Project Title: A review of marine biodiversity and ecological surveys in Hong Kong

Applicant: Prof. Gray A. WILLIAMS of The University of Hong Kong

Total Approved Grant: $456,380

Duration: 1/9/2012 to 30/11/2013

Project Status/Remarks: Completed

The project aims

  • to review and evaluate past ecological data and survey methodologies on the principle documented marine biodiversity studies in Hong Kong’s waters and in particular the no-take Cape d’Aguilar Marine Reserve;
  • to establish an inventory of local marine resources including marine species and their corresponding habitats in form of Excel spread sheets which can be readily incorporated into any Geographical Information System (GIS);
  • to reveal any patterns of marine biodiversity across time and space, and any relationship between the observed site-specific biodiversity profiles (in terms of species richness, abundance and/or biomass) and environmental attributes (e.g., pH, salinity, and levels of nutrients and pollutants) whenever extensive datasets are available; and
  • to identify and prioritise areas for future research.

Summary of the Findings/Outcomes:
Based on a literature review of over 620 references on Hong Kong's marine biodiversity, 5,684 marine species recorded in Hong Kong waters has been entered into a database. Even though Hong Kong accounts for only ~0.03% of the marine area of China, the number of marine species recorded was ~25% of the total recorded for China seas. The number of species per unit area in Hong Kong waters was at least a few hundred times higher than many other regions in the world, suggesting Hong Kong has a very rich marine biodiversity.
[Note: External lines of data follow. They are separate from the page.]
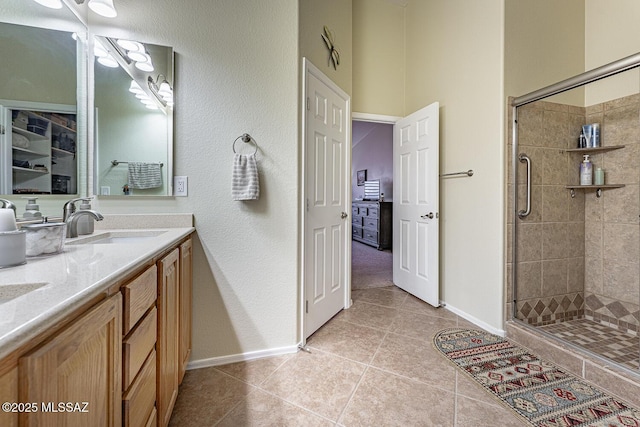 bathroom with tile patterned flooring, vanity, and a shower with door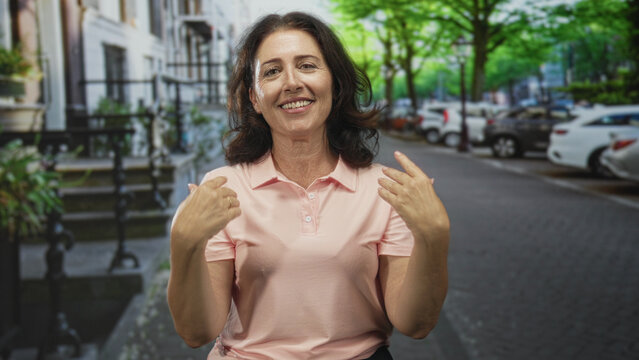 Woman in pink polo pointing both hands toward camera on a tree lined street with parked cars and stoop steps; invitation friendly.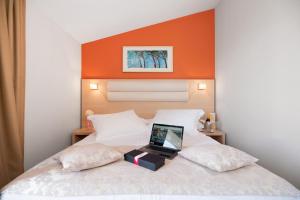 Postel nebo postele na pokoji v ubytování Hotel Maritimo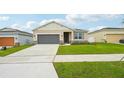 Charming single-story home with a two-car garage, complemented by lush green lawn and landscaping at 33332 Seattle Slew Dr, Sorrento, FL 32776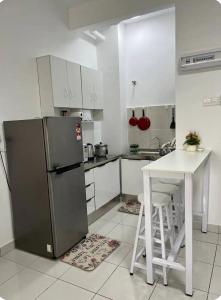 汝来Camelia Youth City Nilai Studio residence 5pax的带冰箱和桌子的厨房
The Cape d' Aguilar Marine Reserve, which is the only 'no take' marine zone in Hong Kong covering a total sea area of only ~20 hectares (~0.01% of Hong Kong's marine area) supports 931 species (~16% of the total recorded in Hong Kong). Apparent limitations of the past marine ecological survey methodologies are the lack of standardization of sampling design and estimation of the minimum sampling effort required to gain a representative assessment of biodiversity at a locality. By mapping the past sampling locations of all recorded marine species, it was found that coastal and open water areas of Lantau Island and open water areas of Lamma Channel and southeastern waters below Mirs Bay require more investigation.